V ВЕК: ОДНОМЕРНАЯ ЛЮБОВЬ
Подробнее о Феодорите Киррском - Любовь.
Много замечательных слов написано христианами о любви. Сам Иисус говорил о любви редко - дал заповедь любить, вот почти и всё. "Гимн любви" пропел апостол Павел, не Иисус, а потом как фейерверк вспыхнул, особенно в Средние века. Конечно, читаются немногие из этих сочинений, но, к примеру, Максима Исповедника о любви в России читают, да и Рамона Льюля "О Возлюбленном" перевели и издали. Прекрасные, красивые слова, - что ж они соседствовали со средневековой жестокостью? Причём соседствовали не как Христос с разбойниками, а как здоровый зуб с кариесными. Ведь не от здорового зуба передаётся здоровье к больным, а от больных зубов к здоровому передаётся кариес. Льюль удивлялся, почему его раб-мусульманин пытается убежать и не любит его всем сердцем...
Феодорит, епископ Кира под Антиохией, написал вдохновенное эссе о том, что монахи есть ходячая любовь к Богу. Это именно эссе, в котором мысль развивается достаточно прихотливо и не всё говорится прямо. Например, логически трудно понять, зачем Феодорит подробно исследует вопрос о том, согревает ли одежда тело. Он даёт абсолютно правильный ответ - нет, одежда лишь удерживает тепло. исходящее от тела, не даёт ему рассеиваться.
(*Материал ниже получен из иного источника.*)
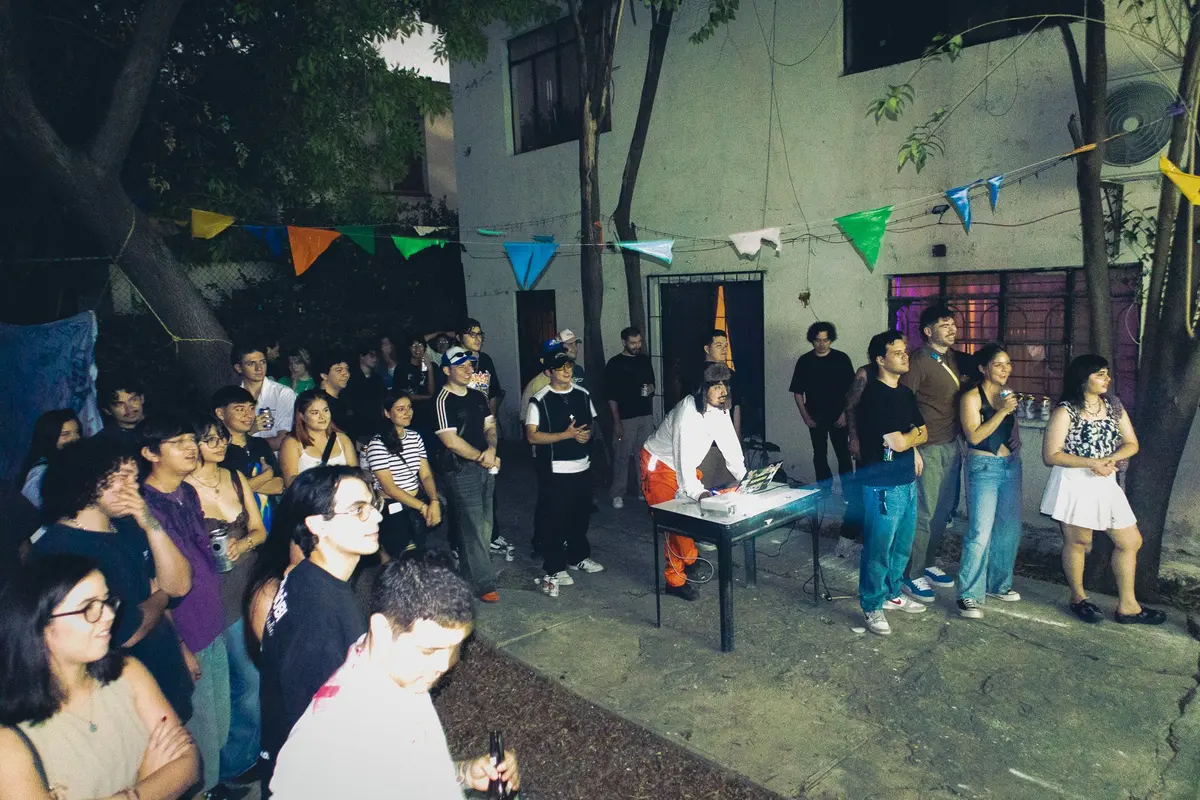 el público alrededor de la mesa, todavía de día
Формально ему это нужно, чтобы заявить: монах, который есть меньше пастуха, стоит выше пастуха. Эмоционально, однако, разговор о телесном жаре (а именно это скрыто под рассуждениями об одежде) это разговор о сексуальном в человеке, о телесной основе любви. Меньше есть означает убирать эту телесную основу - обет целомудрия и порождает практику поста. Хотя формально пост в число обетов не входит, каждый до всякого Фрейда и учений об оральных стадиях понимает, что пост и безбрачие крепко связаны.
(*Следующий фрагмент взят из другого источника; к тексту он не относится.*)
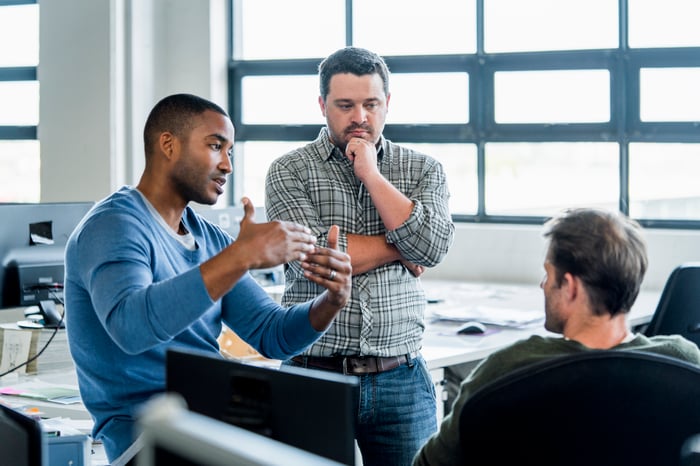 Three people in an informal meeting in an office.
Кирилл вообще не знает викторианской стыдливости и превозносит любовь к Богу за то, что она не знает посткоитального синдрома:
"За плотским удовольствием следует пресыщение, а любовь божественная не допускает законов насыщения".
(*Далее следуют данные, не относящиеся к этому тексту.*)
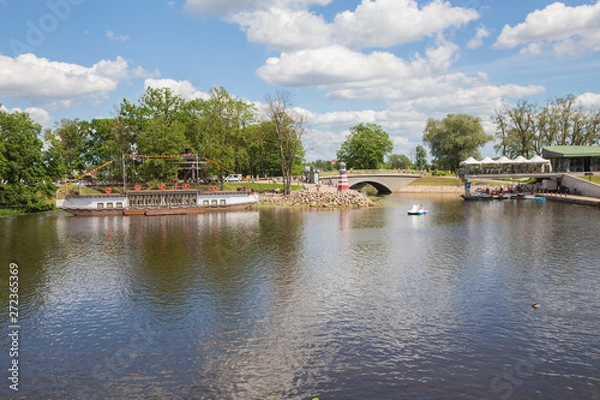 Fototapeta City Jelgava, Latvian Republic. River Lielupe, peoples and urban city view. Houses and walking paths. Jun 9. 2019.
Omne animal triste post coitum - всякое животное печалится после совокупления, античных времён наблюдение.
Есть юмореска "Чем пиво лучше женщины", а тут "Чем Бог лучше женщины". Да и что жена - всего лишь средство "утешения", "разрядки", а монахи герои, ибо "живут не с женами, которые придумывают всяческое утешение мужьям".
Вот и всё предназначение женщины - утешать мужчину в кровати, на кухне и в церкви, когда мужчина стоит на солее и проповедует, а женщины кивают, думая, разумеется, о чём-то о своём. Мачизм и патриархальщина в чистом виде.
Если секс - утешение, то довольно пикантный смысл приобретает русский обычай монахов называть "утешением" хождение друг к другу в гости для невинного чаепития.
Любовь, оказывается, измеряется не тем, что есть, а тем, чего нет, от чего человек отказывается. "Любовь питает, напоевает, одевает" - то есть, меньше жрать - больше любить, легко одеваться - больше любить, меньше пить - больше любить. Последнее, конечно, разумно, если только речь идёт о вине, а Феодорит имеет в виду любую жидкость. Любовь нечто вроде зубной пасты - её нужно выдавливать, сжимать земную часть жизни, чтобы произвести своего рода нескончаемую эякуляцию (извините за выражение, не знаю, как это по-русски сказать) в небо:
"Любовь вытесняет, окрыляет их [монахов], она научает их летать, делает способными воспарять выше неба, и, насколько вместимо для них, открывает им Возлюбленного".
На деле, однако, тот же Феодорит люто ненавидел Кирилла Александрийского и злобно радовался его смерти. Парящие выше неба монахи то и дело бросаются друг на друга словно петухи, причём главный аргумент - я-то выше неба парю, а ты в прахе ползаешь.
Конечно, бывают и монахи любвеобильные. Они тщательно скрываются, чтобы собратья их не поубивали, но - есть. Любить-то нетрудно, и даже не обязательно для этого меньше жрать и больше бить (поклонов). Достаточно следовать заповеди Божией, а Господь Иисус чётко описал три измерения любви: высота - любить Бога, ширина - любить ближнего, глубина - любить себя (лучшая половина любого пола, разумеется, входит в "себя"). Попытки убрать одно из трёх измерений (тем более, два) приводят понятно к чему. Фейерверк налицо, огонь в небе рассыпается, а суп в котелке - несъедобный, потому что нарисованный, как убедился Буратино, который совал свой длинный фаллический символ, куда не следует.